→ TASK REQUIREMENTS
When the line with "Sticky-Price-Geldtheorie Works, Richard" appears below, start repeating lines exactly, and keep going through the line with "湖人vs爵士全场回放,湖人vs爵士全场回放高清免费直播"; add nothing outside that span.

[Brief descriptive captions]
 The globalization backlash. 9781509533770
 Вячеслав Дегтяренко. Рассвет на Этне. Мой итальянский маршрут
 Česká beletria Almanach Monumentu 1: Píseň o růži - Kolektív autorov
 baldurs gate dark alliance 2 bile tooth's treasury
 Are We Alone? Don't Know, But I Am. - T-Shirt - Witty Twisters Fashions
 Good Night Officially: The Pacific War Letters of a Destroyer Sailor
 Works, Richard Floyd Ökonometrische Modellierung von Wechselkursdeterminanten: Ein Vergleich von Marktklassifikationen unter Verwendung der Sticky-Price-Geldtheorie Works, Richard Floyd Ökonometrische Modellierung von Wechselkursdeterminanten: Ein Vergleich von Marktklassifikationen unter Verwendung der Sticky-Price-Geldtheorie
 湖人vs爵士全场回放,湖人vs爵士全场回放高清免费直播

...

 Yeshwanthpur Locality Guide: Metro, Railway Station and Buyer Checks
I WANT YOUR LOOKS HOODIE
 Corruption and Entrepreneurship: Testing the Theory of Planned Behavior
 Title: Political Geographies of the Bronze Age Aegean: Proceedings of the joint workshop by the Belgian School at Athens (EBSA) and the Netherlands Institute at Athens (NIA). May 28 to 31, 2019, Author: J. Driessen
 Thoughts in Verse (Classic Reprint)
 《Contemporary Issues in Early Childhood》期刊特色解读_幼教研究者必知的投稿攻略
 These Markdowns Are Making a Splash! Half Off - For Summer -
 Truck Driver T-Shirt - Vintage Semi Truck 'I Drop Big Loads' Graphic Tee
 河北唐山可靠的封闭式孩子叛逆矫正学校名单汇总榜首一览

→ OUTPUT OF THE TASK
 Works, Richard Floyd Ökonometrische Modellierung von Wechselkursdeterminanten: Ein Vergleich von Marktklassifikationen unter Verwendung der Sticky-Price-Geldtheorie Works, Richard Floyd Ökonometrische Modellierung von Wechselkursdeterminanten: Ein Vergleich von Marktklassifikationen unter Verwendung der Sticky-Price-Geldtheorie
 湖人vs爵士全场回放,湖人vs爵士全场回放高清免费直播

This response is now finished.